Now the teacher walks in, a 30-something Ms. Saleminan (SAW-leh-mian), who introduces herself as a law student. She says her job is to explain which parts of the book are going to be on the exam four days from now. 

But the school doesn’t yet have any books to hand out, she says. “So why don’t you all go upstairs and ask if there are old books you can borrow for now.”

Everyone gets up and meanders outside, into the rain and up to the school lobby. No, we have no books to lend you, the perplexed-looking receptionist informs. We shuffle back downstairs.

Ms. Salemian begins: “Okay, now those of you who have books, turn to page 26.”

There is no movement because no one has the book, except one guy who has an older version with page numbers that do not match the teacher’s.

“Okay, on the bottom of page 26, the part about the pedestrian crossing lane, that’s very important. It’s going to be on the test for sure,” she continues.

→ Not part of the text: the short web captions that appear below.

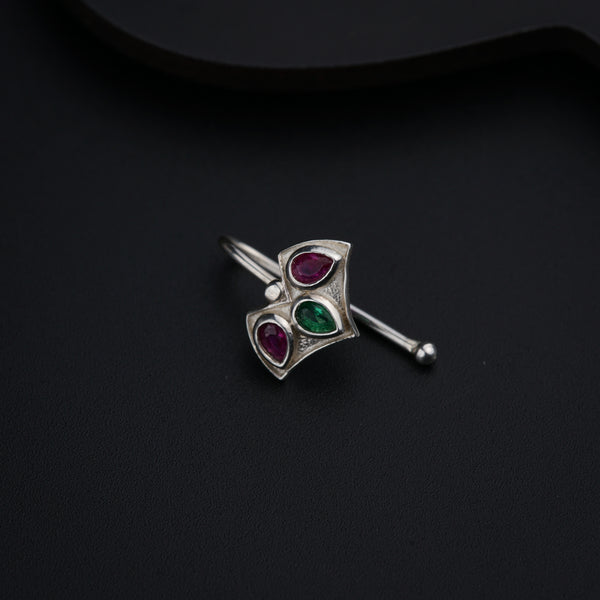 a silver brooch with three stones on it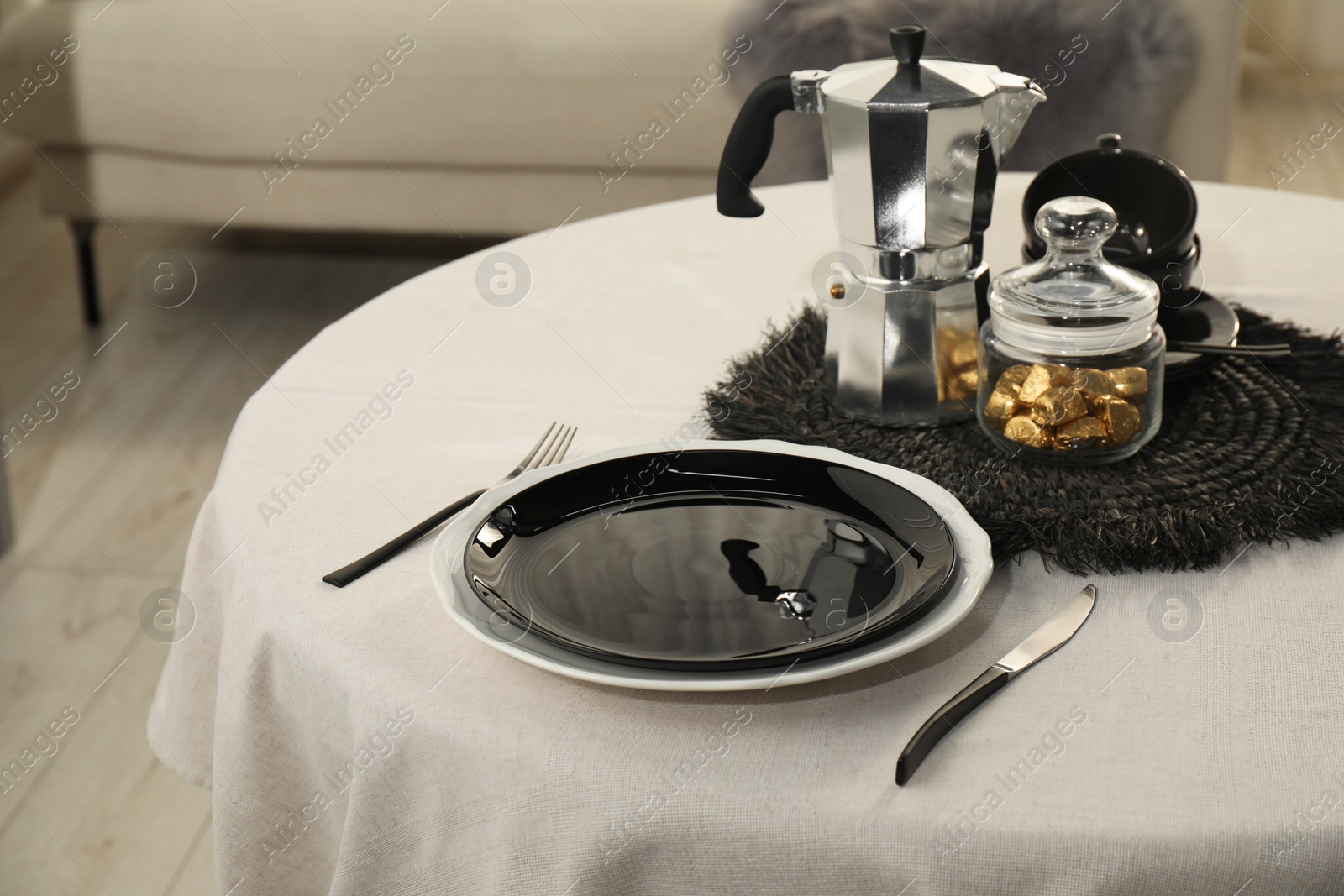 Photo of Stylish table setting with black dishware in dining room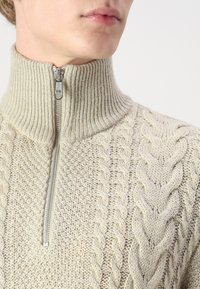 Maglione beige lavorato a maglia con colletto alto, dotato di una zip anteriore e motivi a treccia lungo le spalle. Tassello morbido.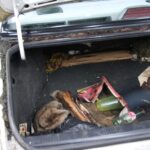 Filthy car trunk before cleaning and restoration.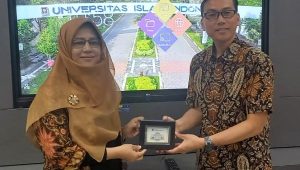 Prof Elisa Kusrini memberikan kenang-kenangan kepada Prof Muhammad Aziz. (foto : istimewa)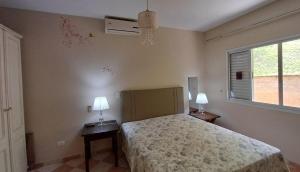 una camera da letto con un letto e due lampade sui tavoli di Represa de Igaratá Yellow House a Jacareí Altre 22 foto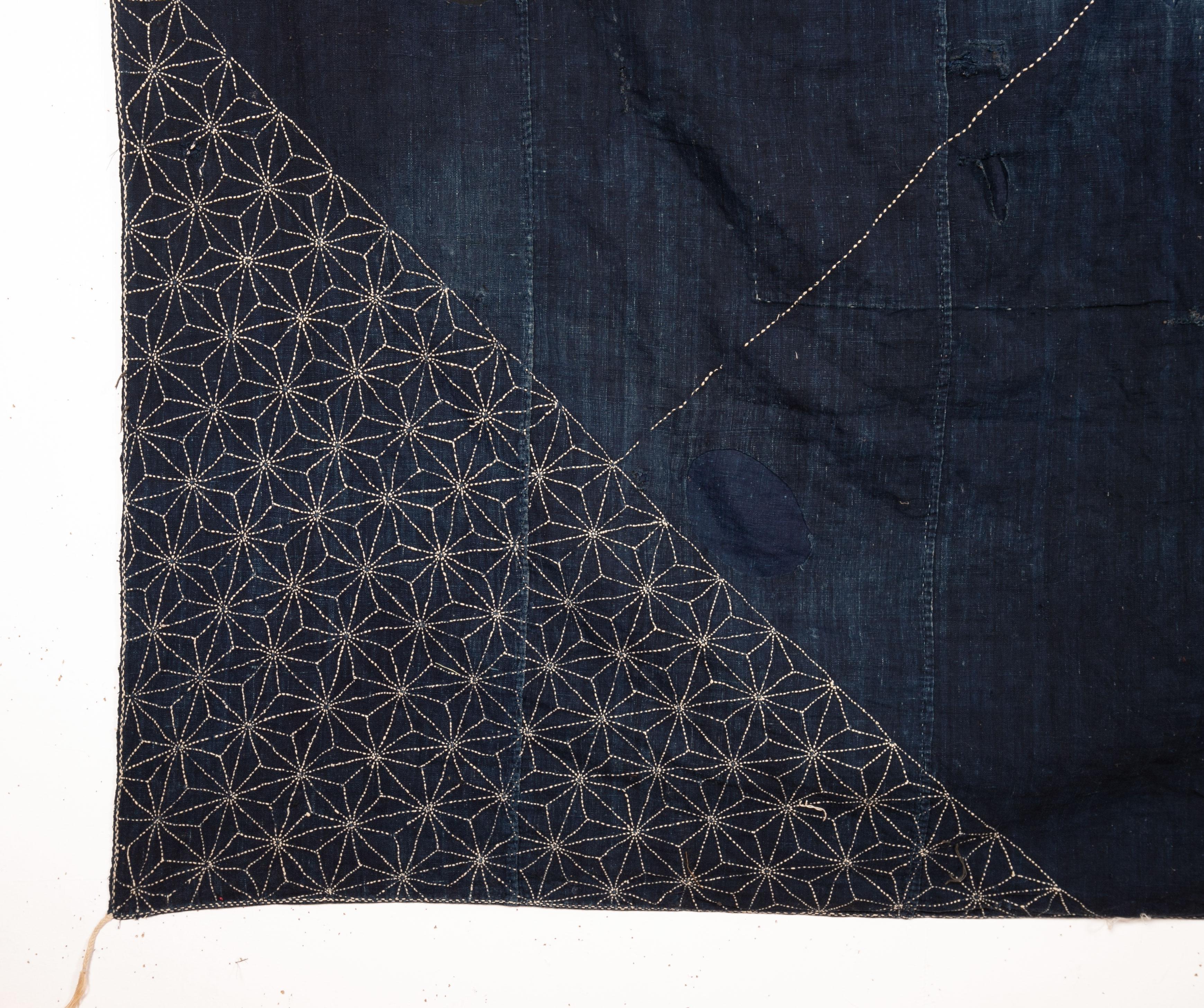 Indigo textile decorated with 'sashimi' stitching. Has some damage including a big patch.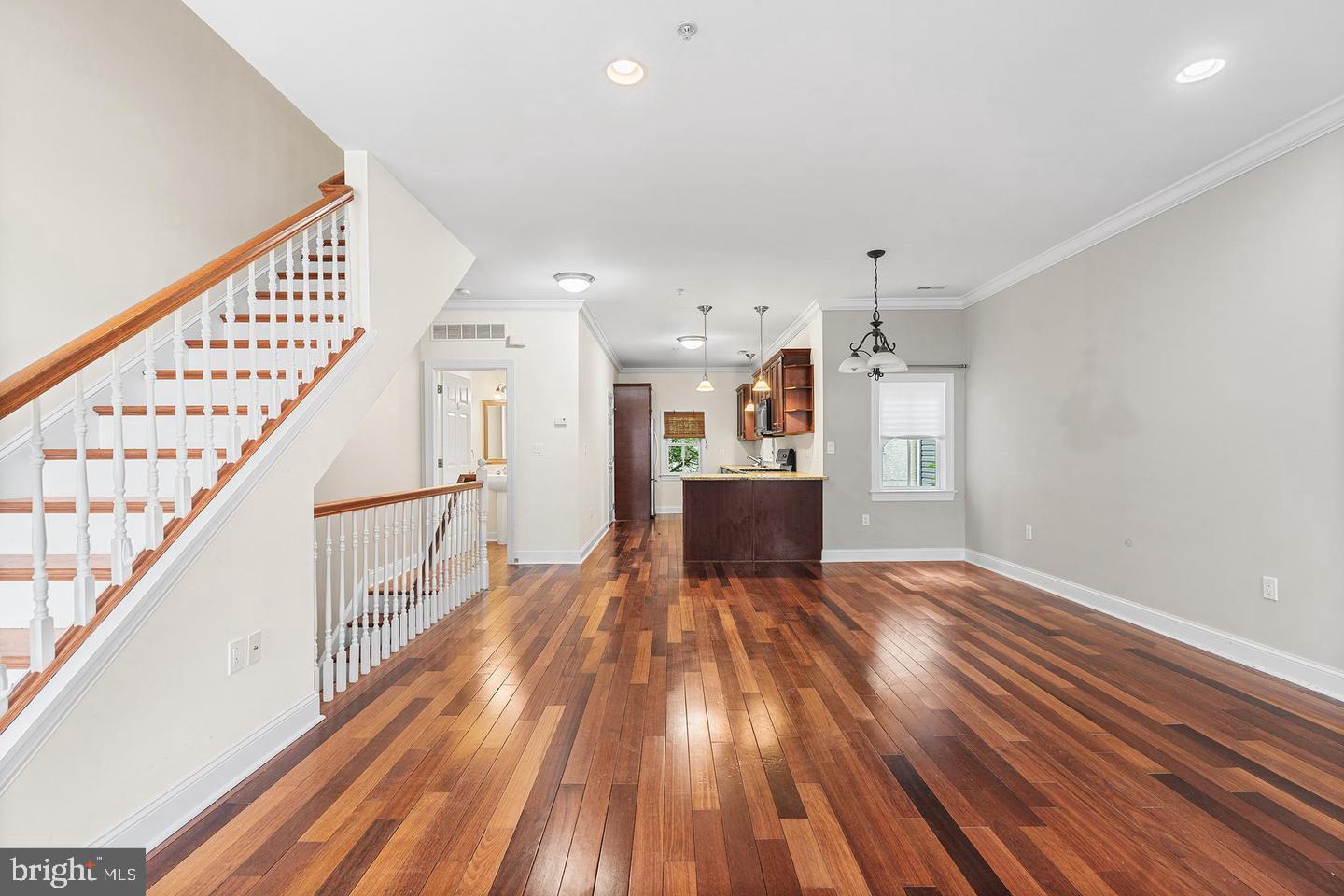 A spacious townhouse offering GARAGE parking, and a blend of modern elegance and comfortable living in a sought-after neighborhood. This impressive residence features three bedrooms, a versatile den, and two and a half bathrooms. You'll find the home to be deeper from front to back than most others, so it feels less vertical than the competition. Upon entering, you are greeted by a convenient garage with direct access to the lower level, which includes a flexible bonus room ideal for a family room, playroom, home office, or fitness area. Sliding patio doors lead to a private, fenced backyard, perfect for outdoor enjoyment. The main living level showcases an open and airy layout, highlighted by a spacious kitchen equipped with stainless steel appliances, quartz countertops, a large pantry, and a breakfast bar. The kitchen seamlessly flows into the expansive living and dining area, boasting abundant natural light, soaring ceilings, and elegant wide-plank hardwood flooring in living/dining area and all bedrooms. The second floor hosts two well-proportioned bedrooms, a full bathroom, and a conveniently located laundry room with linen storage. You can feel the elbow room on each floor. The upper level is dedicated to the master suite, featuring a generously sized bedroom, a spa-like bathroom with an oversized shower and a standalone soaking tub, ample closet space, including his, hers, a linen closet, and a private balcony. This exceptional townhouse offers the convenience of garage parking and is ideally situated on the cusp of Pennsport and Queen Village. It provides easy access to the city and major thoroughfares like I-95. This is a remarkable opportunity to acquire a stunning and spacious home in a prime location.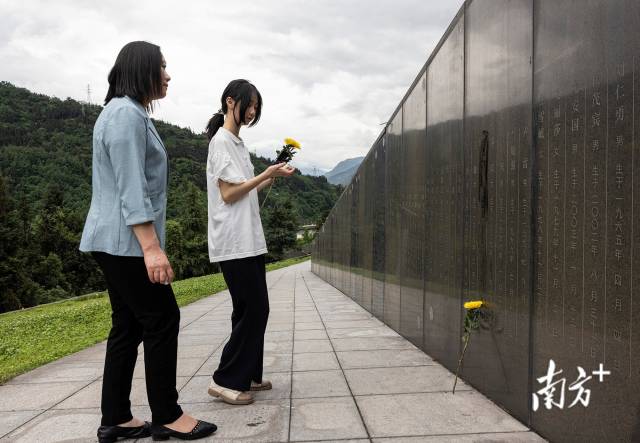 2023年5月7日，13岁的邓琪倩和妈妈李秀华来到“5·12”特大地震遇难者公墓，在擦去姐姐名字上的灰尘后，她摆上了一支鲜花。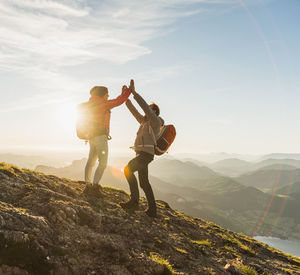 Austria, salzkammergut, cheering couple reaching mountain summit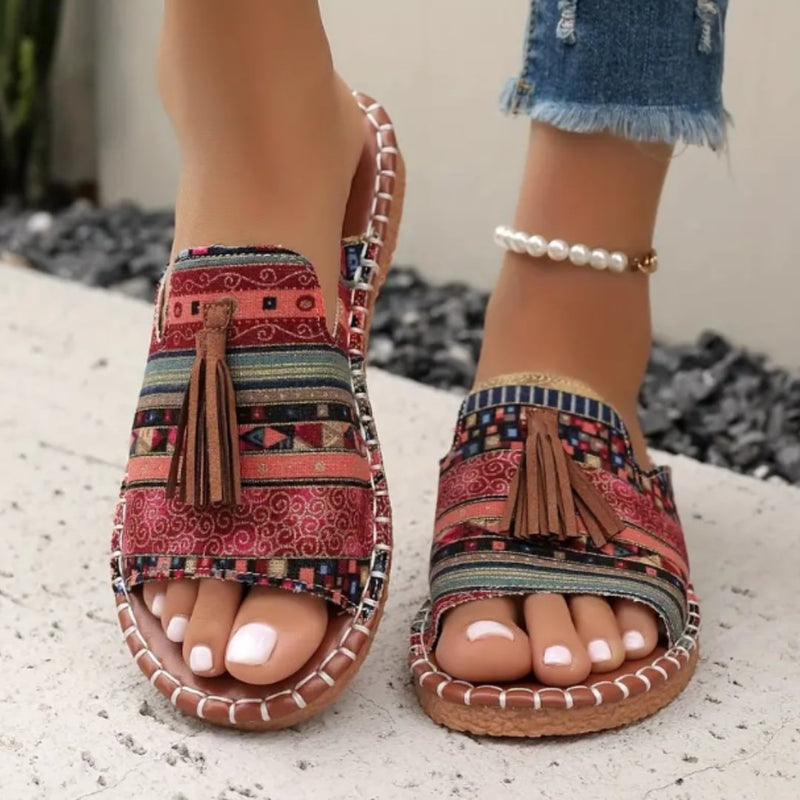 Women's Robin flat sandals in a vibrant color with cushioned footbed, top view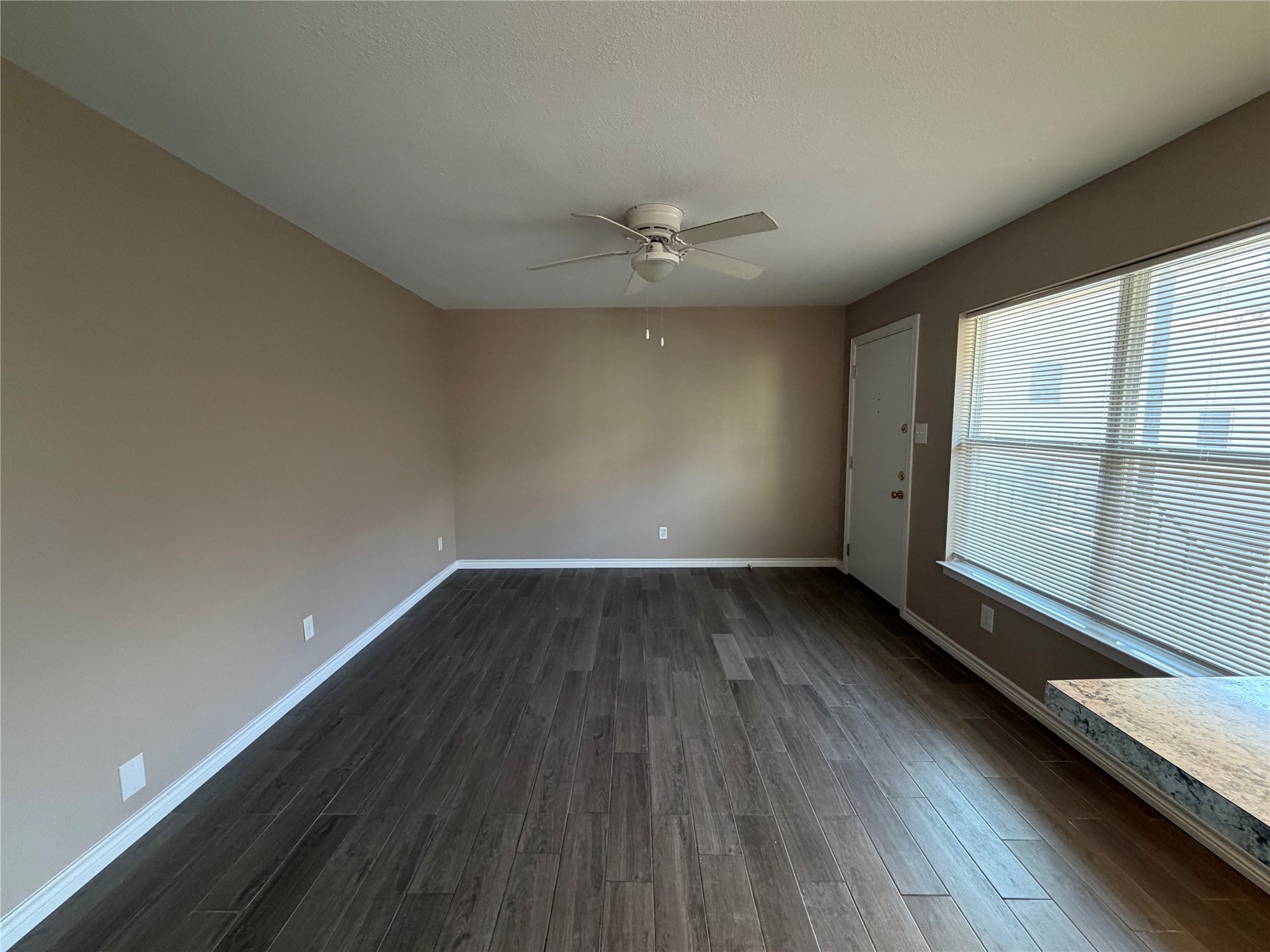 3113 Arbor Street, Unit 3 Houston, TX 77004 - Photo 3 of 11 an empty room with wooden floor and windows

I look around. One young woman is doodling. Another is texting on her phone. One guy is busy scratching his back with a ruler.

“Okay, on page 27, you see all the different types of road lanes. You need to be able to identify all these for the exam, okay?”

I can’t stop myself from checking out stone-faced classmates. Is this more Kafka or Aziz Nesin? I ask myself. I decide it is more Nesin.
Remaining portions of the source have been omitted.